WORK TO COMPLETE
Only the lines below from the one that contains "Energy Suspension® - Hyper-Flex™" through the one that contains "Loyal Subjects Gi" should appear in your answer, exact and without pictures.

PROVIDED INFORMATION
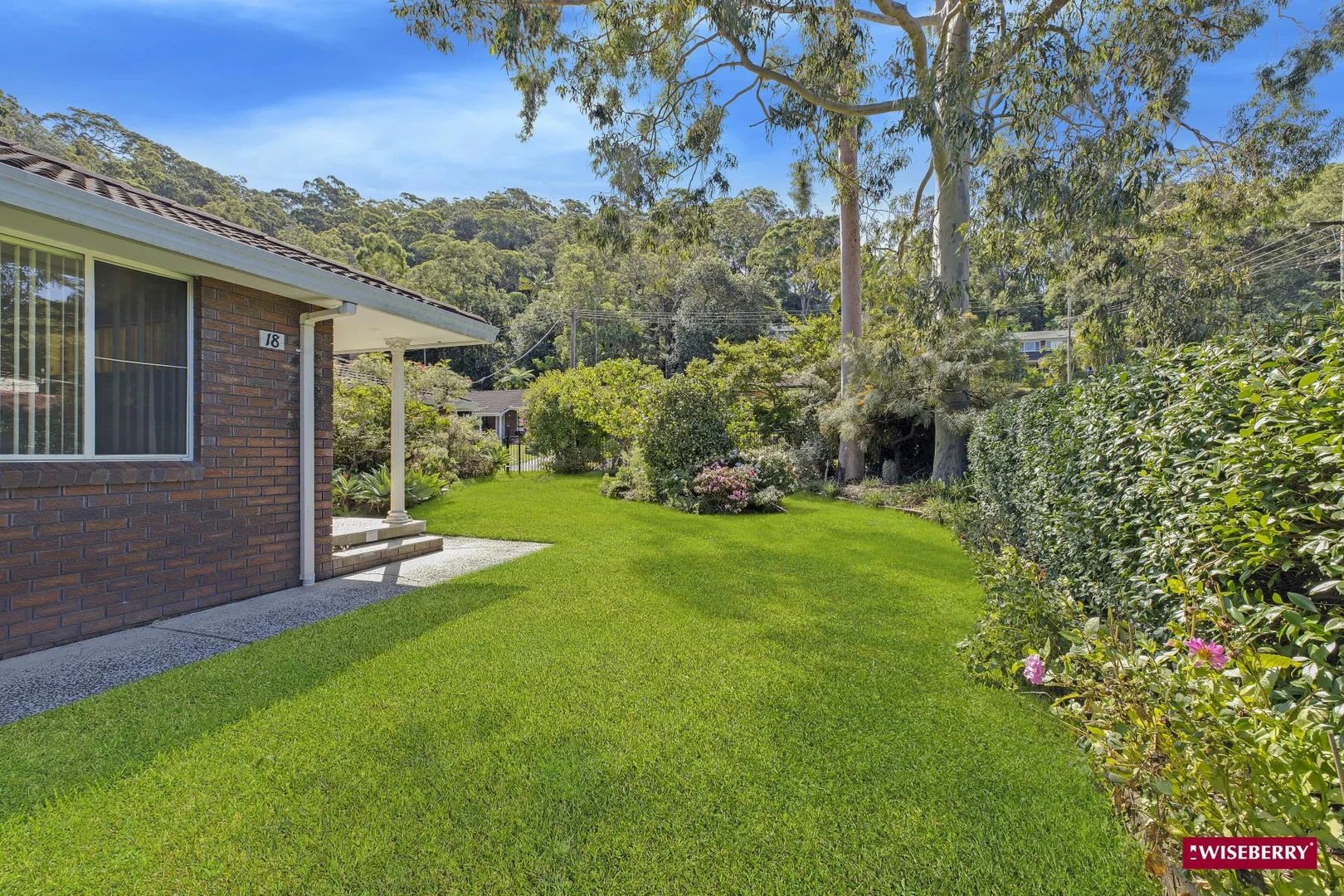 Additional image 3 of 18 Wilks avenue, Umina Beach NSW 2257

* * *

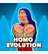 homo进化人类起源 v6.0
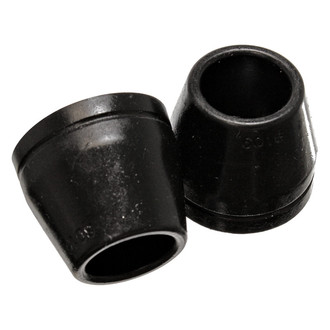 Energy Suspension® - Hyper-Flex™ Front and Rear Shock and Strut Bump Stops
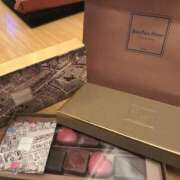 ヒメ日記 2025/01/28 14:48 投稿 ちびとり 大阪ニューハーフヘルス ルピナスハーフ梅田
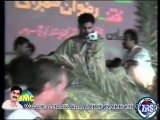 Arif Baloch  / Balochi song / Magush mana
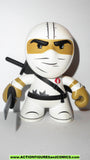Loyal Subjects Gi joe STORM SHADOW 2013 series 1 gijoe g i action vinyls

* * *

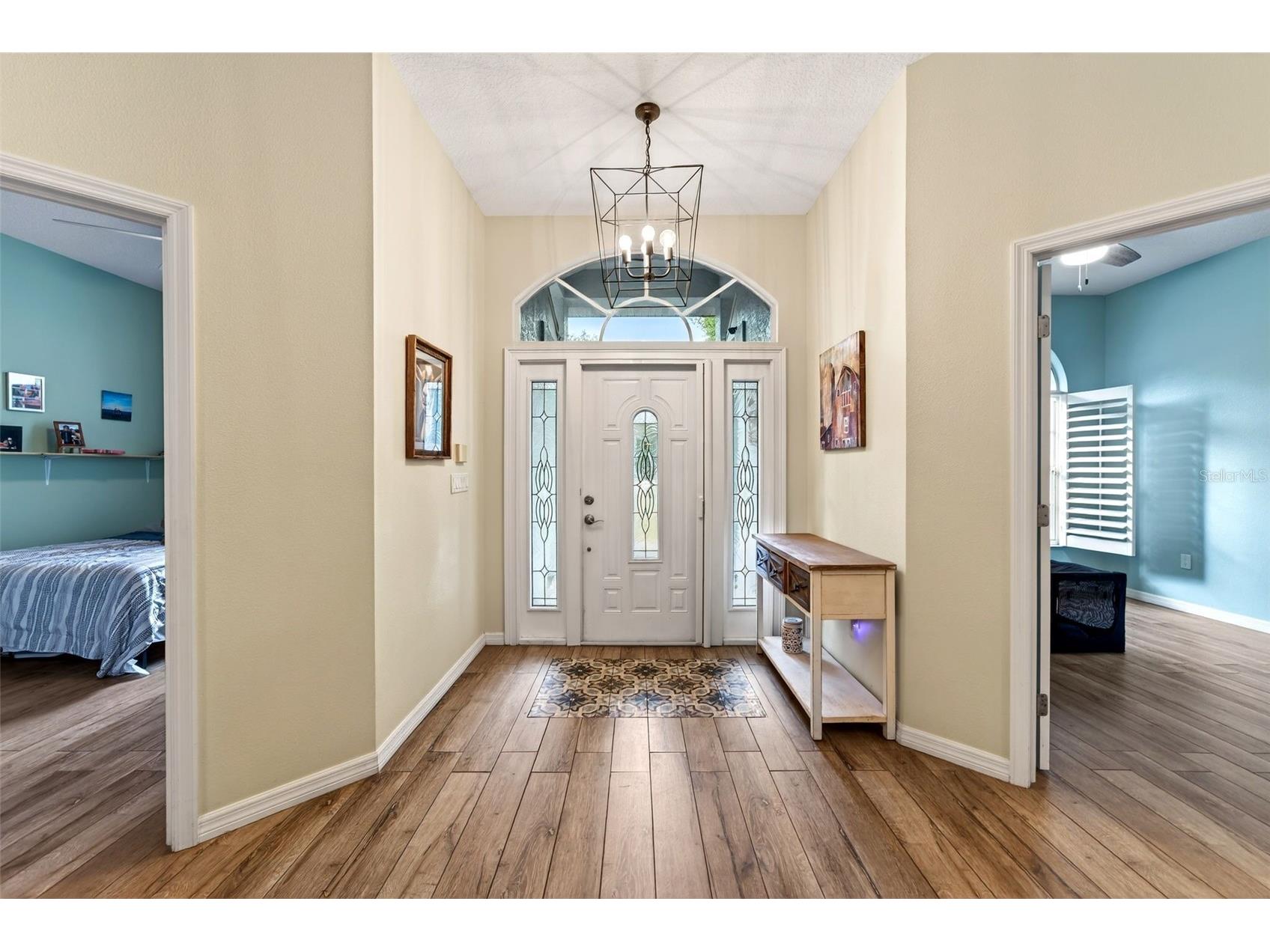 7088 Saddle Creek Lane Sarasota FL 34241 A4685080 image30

EXERCISE RESULT
 Energy Suspension® - Hyper-Flex™ Front and Rear Shock and Strut Bump Stops
 ヒメ日記 2025/01/28 14:48 投稿 ちびとり 大阪ニューハーフヘルス ルピナスハーフ梅田
 Arif Baloch  / Balochi song / Magush mana
Loyal Subjects Gi joe STORM SHADOW 2013 series 1 gijoe g i action vinyls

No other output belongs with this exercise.